How does your answer to \(\displaystyle{\int_a^b \sqrt{1-x^2} \, dx}\) relate to the following diagram?

Firstly we might notice that the diagram has an area shaded between lines which could be \(x=a\) and \(x = b\), so this could be represented by an integral between \(a\) and \(b\). The curve appears to be a semicircle with radius \(1\). A unit circle has equation \(x^2 + y^2 = 1\), but if this is rearranged to find \(y\) then we get \(y = \pm\sqrt{1-x^2}\). The positive root, gives us a semicircle above the \(x\)-axis as all the \(y\)-values must be positive. Therefore the shaded area is represented by the integral \[\displaystyle{\int_a^b \sqrt{1-x^2} \, dx},\] which we have already worked out using the substitution \(x = \cos \theta\) to get \[\displaystyle{\int_a^b \sqrt{1-x^2} \, dx} = \frac{1}{2}b\sqrt{1-b^2} – \frac{1}{2}\arccos b – \frac{1}{2}a\sqrt{1-a^2} + \frac{1}{2}\arccos a.\]

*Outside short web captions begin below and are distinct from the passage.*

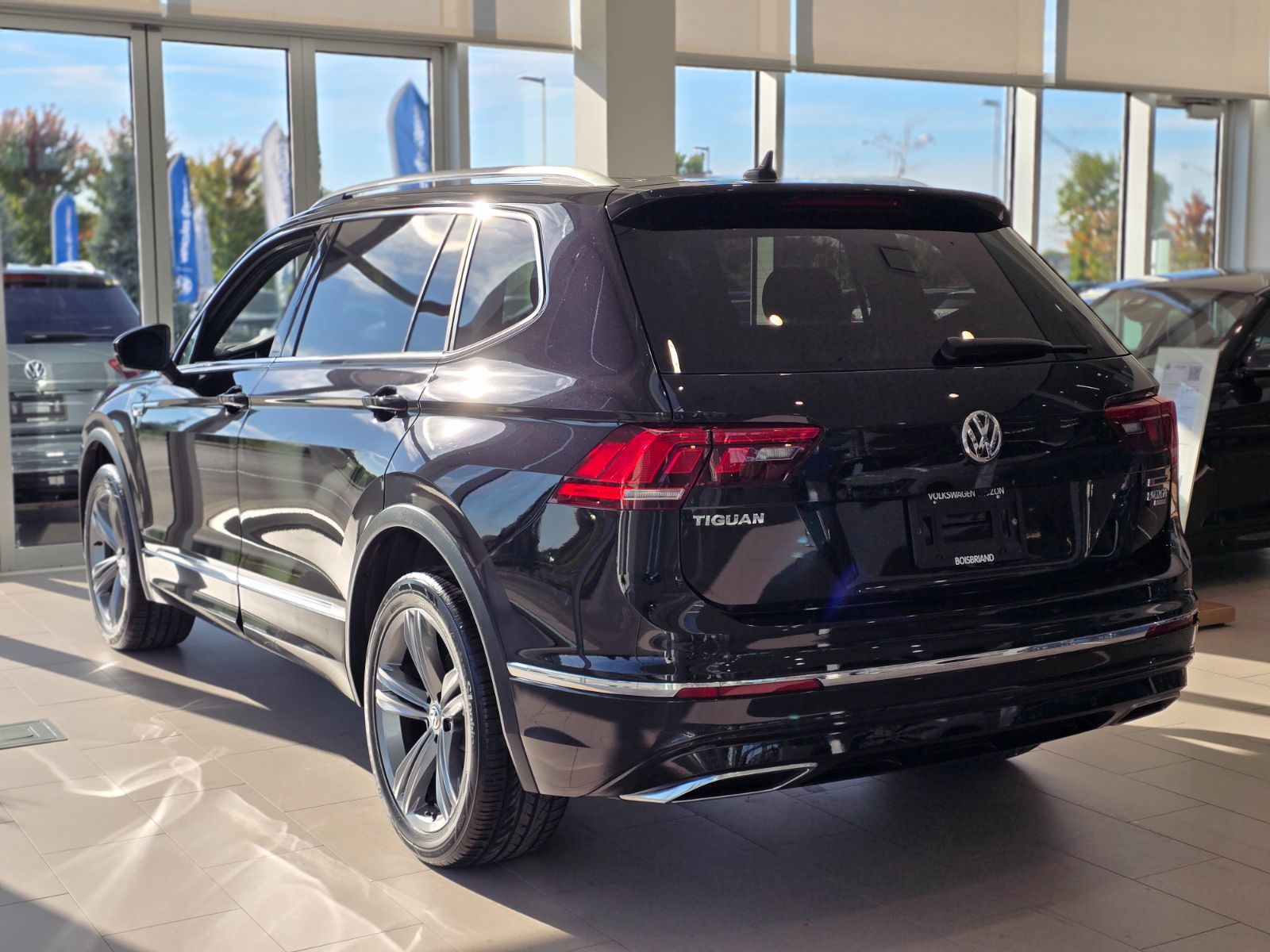 2021 Volkswagen Tiguan Highline R-LINE | TOIT PANO | CUIR | NAV | CARPLAY Highline R-LINE | TOIT PANO | CUIR | NAV | CARPLAY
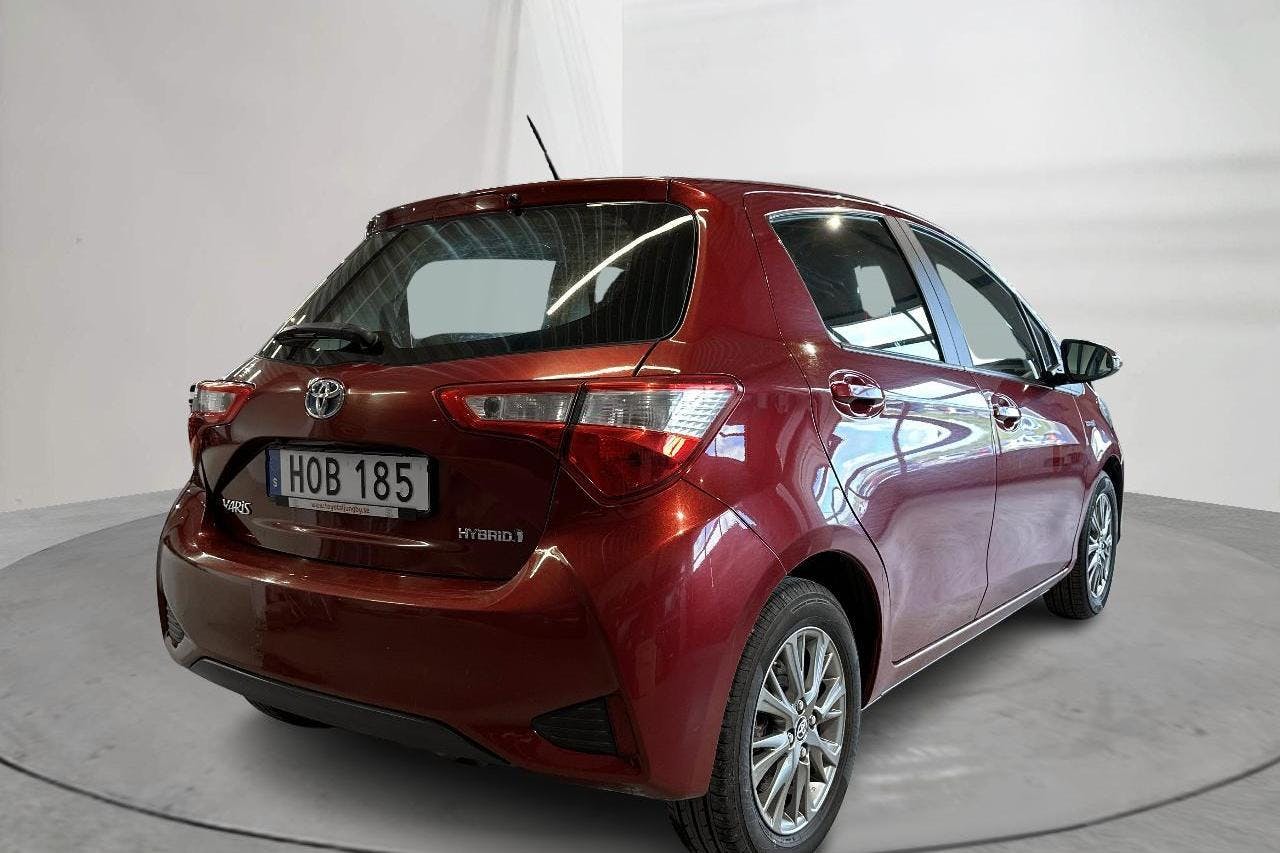 Toyota Yaris 1.5 Hybrid 5dr (101hk) - 112 870 km - Automatic - red - 2019
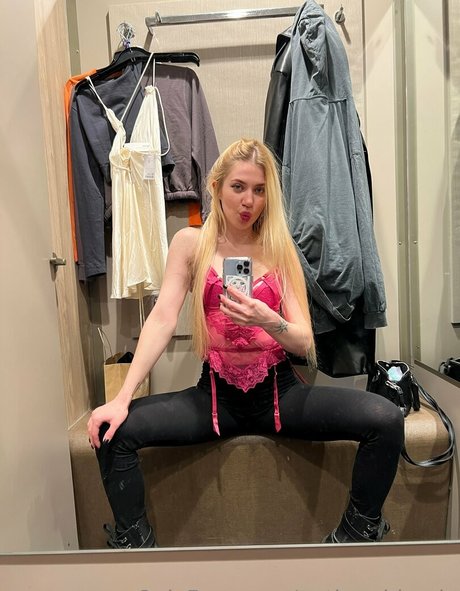 キッチンセックスオンリーファンズ えろた アーカイブ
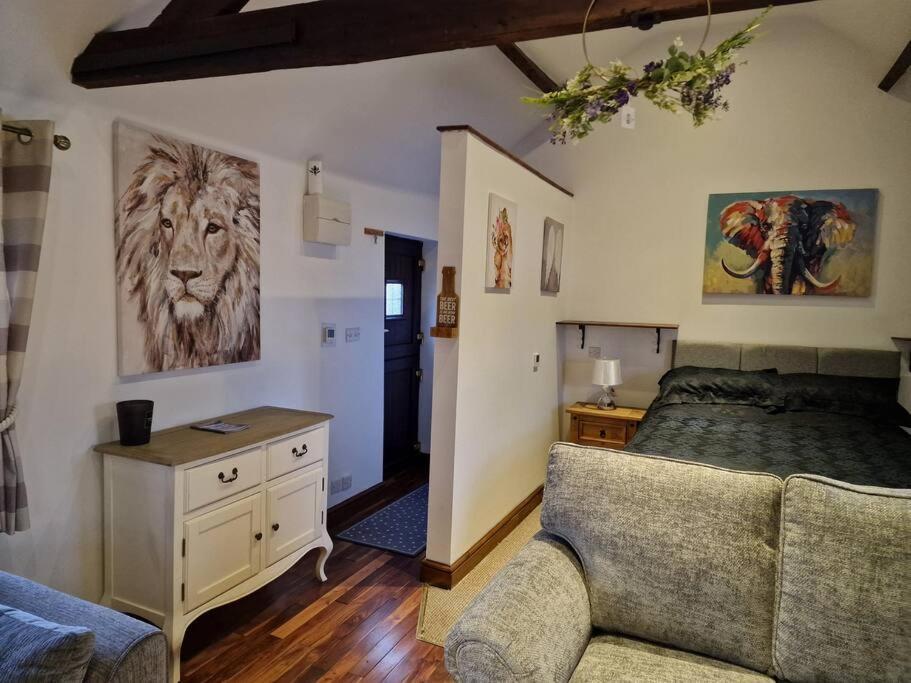 Joiners Arms - Studio Apartments Market Drayton Exteriér fotografie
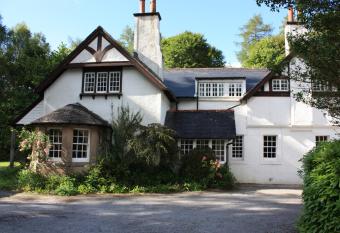 Glencoe Outdoor Centre Hostel allows 18 year olds to book a room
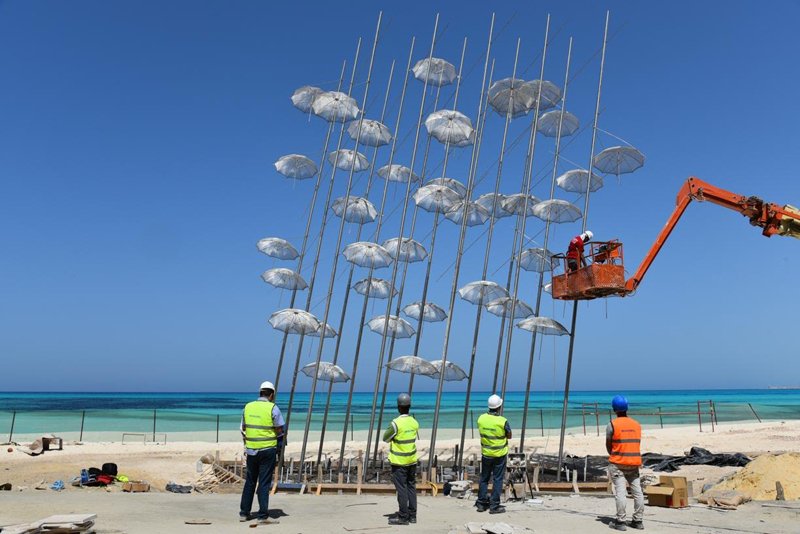 Εστησαν τις «Ομπρέλες» του Ζογγολόπουλου στην Αίγυπτο -Βήμα-βήμα η τοποθέτηση [εικόνες] | iefimerida.gr 1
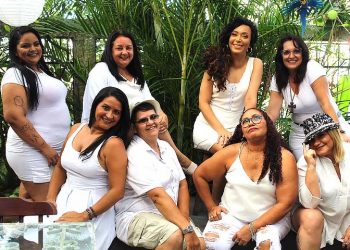 A Roda de Samba das Moças é atração confirmada na programação do bloco Só Tem Artista de 2020!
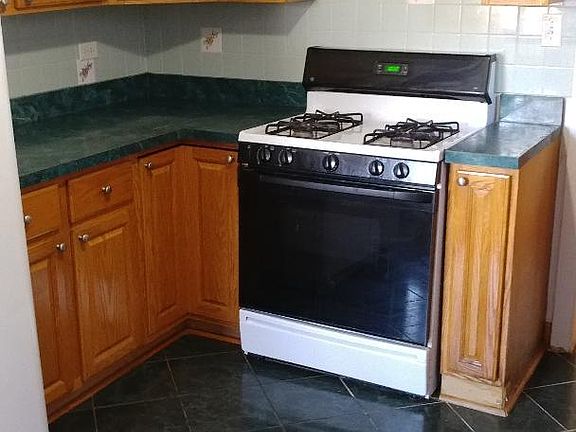 4th image of 7916 Karlov Ave #1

#### Finding the area with geometry

As it is part of a semicircle, we can break the area down into more familiar shapes. We can find the area of the triangle and the sector shaded below.

The green triangle has area \(\frac{1}{2}b\sqrt{1-b^2}\) and the orange sector has area \(\frac{1}{2}(\arccos a – \arccos b)\), (to see why, look at the suggestion section). We can also find the area of the triangle with base \(a\) which is \(\frac{1}{2}a\sqrt{1-a^2}\).

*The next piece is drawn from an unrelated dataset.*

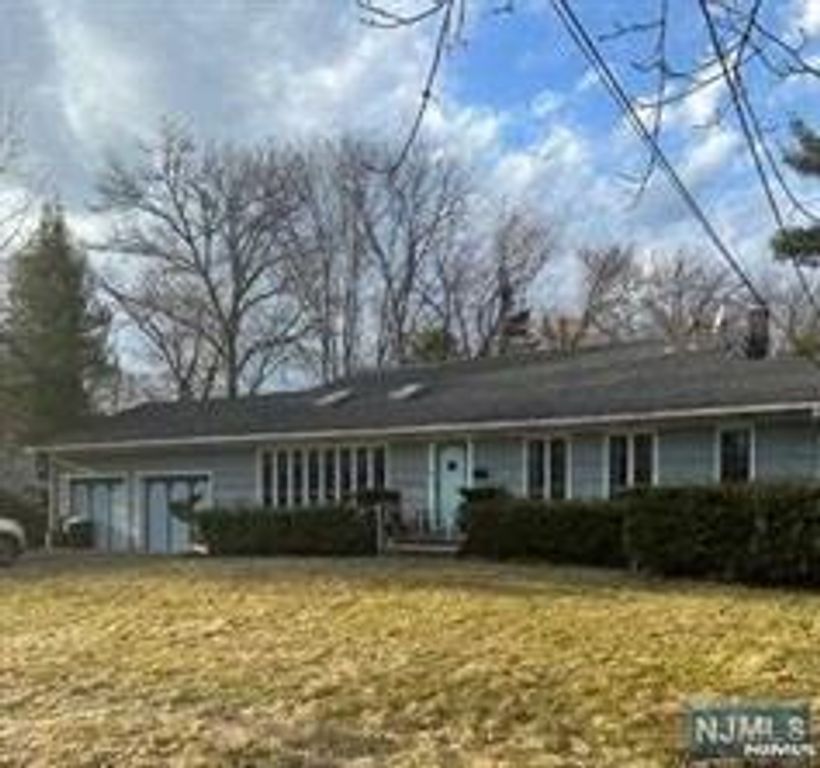 34-05 Fair Lawn Avenue, Fair Lawn, NJ 07410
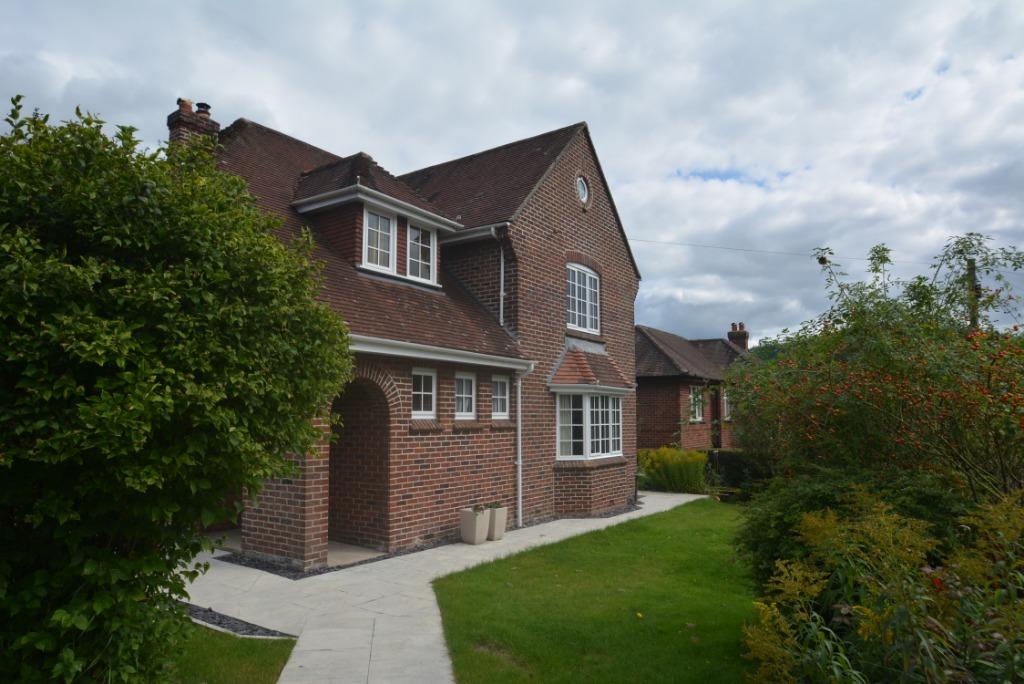 Eastfield Road, RossonWye, HR9 4 bed detached house £1,200 pcm (£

The total area is found by adding the orange sector and the green triangle with base \(b\), then subtracting the triangle with base \(a\). This gives us \[\frac{1}{2}b\sqrt{1-b^2} + \frac{1}{2}(\arccos a – \arccos b) – \frac{1}{2}a\sqrt{1-a^2}.\]

The geometric pieces can be thought about in a number of ways. You might have started from the answer of the integral which can be written in the form \[\displaystyle{\int_a^b \sqrt{1-x^2} \, dx} = F(b) – F(a),\] where \(F(b) = \frac{1}{2}b\sqrt{1-b^2} – \frac{1}{2}\arccos b\) and \(F(a) = \frac{1}{2}a\sqrt{1-a^2} – \frac{1}{2}\arccos a.\)

Can you see which areas are represented by \(F(b)\) and \(F(a)\)?